Only Yoga?

  • Lo3iondo

    Posts: 9

    Jul 31, 2011 8:14 PM GMT
    I'm a fairly new yoga/fitness instructor, who enjoys running and has been less and less attracted to the gym. When I do go, I lift lightly and keep the alignment principles in mind. I'm finding it boring.. and wish I could adjust the weight for some guys who are killing themselves and sacrificing safety in order to pump it up.

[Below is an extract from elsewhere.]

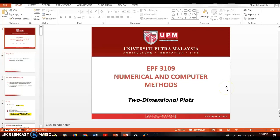Hi students, assalamualaikum and a very good day. As I promised, for this chapter on plotting, I'm doing a recorded lecture. This is my first time doing a recorded lecture, so I'm very sorry if the delivery is not so good. For this lecture, it's about plotting and you're going to learn two types of plotting: two-dimensional plots and three-dimensional plots.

    I see a future of only yoga and maybe running.. does anybody else been weened off of the gym? Are you satisfied with your chest and biceps? I'm still working on inversions and arm balances. Looking forward to the strengthening of my mind, too..
  • DrewT

    Posts: 1327

    Aug 01, 2011 12:55 AM GMT
    Right now, no. I haven't been weaned yet. I enjoy lifting weights. It is about correct lifting techniques at the max weight you can do and pushing yourself. I don't like running that much, but I do love yoga. You can train with just yoga and build up your body. It's a similar principle, but with time in poses vs weight.
  • starboard5

    Posts: 969

    Aug 01, 2011 2:13 AM GMT
    I've found that the awareness fostered by yoga practice is something I can bring to weight lifting, or to just about any situation if I remember to be mindful. It can actually make weight lifting safer as you are much more connected to what your body is telling you.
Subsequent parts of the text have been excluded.